MacArthur grants go to nonprofits in 5 countries
CHICAGO (AP) — A group that fights in India’s courts for the rights of pregnant slum-dwelling women, an organization that helps struggling immigrants in Mexico and a project that prevents foreclosures in southwest Chicago are among 13 winners of the 2013 MacArthur Foundation grants for nonprofit organizations.
The awards of $500,000 to $1.5 million announced Thursday recognize the groups’ importance and impact, said MacArthur President Robert Gallucci, “and we hope our investment will help ensure that they continue to thrive and to increase their reach in the future.”
This year’s awards go to groups in the United States, Kenya, India, Mexico and Ecuador.
The Chicago-based foundation doesn’t accept nominations for its biggest awards to nonprofits. Instead, organizations that have previously received MacArthur support are considered if they’ve reached a crucial point in their development, shown strong leadership and achieved stable financial management. In addition, the awards honor exceptional creativity and effectiveness.

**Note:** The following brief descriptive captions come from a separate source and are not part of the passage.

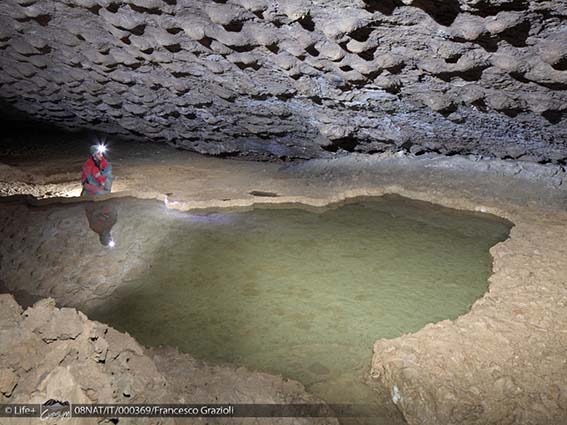 Riprendono le visite speleologiche alla Grotta della Spipola 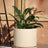 Ivory Clay
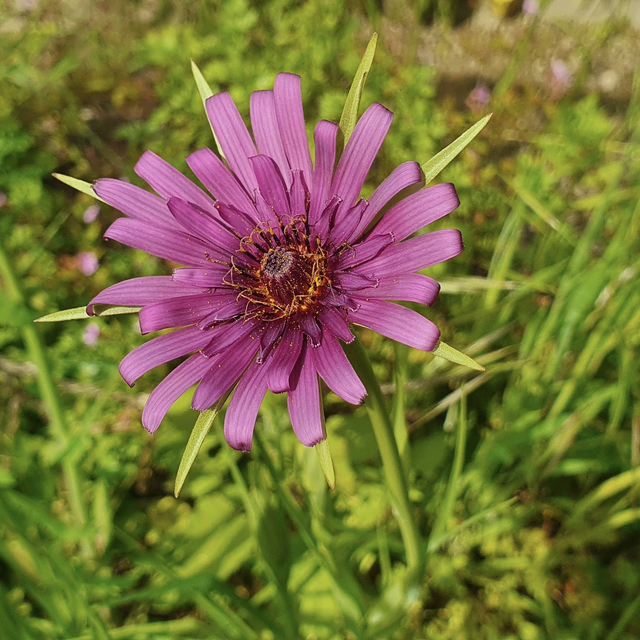 Salsifis du Midi (Tragopogon porrifolius)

Leaders of the Southwest Organizing Project in Chicago learned in June that they were under consideration when a MacArthur Foundation staff member visited the group’s cramped office and made the surprise announcement.
“We were all very quiet and kind of startled and thought it was wonderful,” said Jeff Bartow, the group’s executive director. The project will use part of its $750,000 award to move to a new office in one of the neighborhoods where the group is rehabbing vacant homes and helping families become homeowners.
Subprime mortgage lenders targeted the city’s southwest side before the housing crisis, leaving a trail of foreclosures and vacant properties, Bartow said. The Southwest Organizing Project works with churches, parents and community groups to prevent foreclosures and gun violence. The annual budget of the 17-year-old organization is roughly $1.5 million, Bartow said.
“Home ownership is still important to families because it remains the single best way to build financial stability in the United States,” said David McDowell, a senior organizer with the group.
Mexico City-based Sin Fronteras will use its $500,000 MacArthur Award to purchase permanent office space. The group works for the rights of migrants and refugees who come to Mexico in search of a better life.
Another winner, the New Delhi-based Socio Legal Information Centre, provides free legal help to India’s poor with a focus on health care for women. The organization plans to use its $750,000 award to buy an office for its reproductive rights unit, to build a reserve fund and to provide health insurance for its staff.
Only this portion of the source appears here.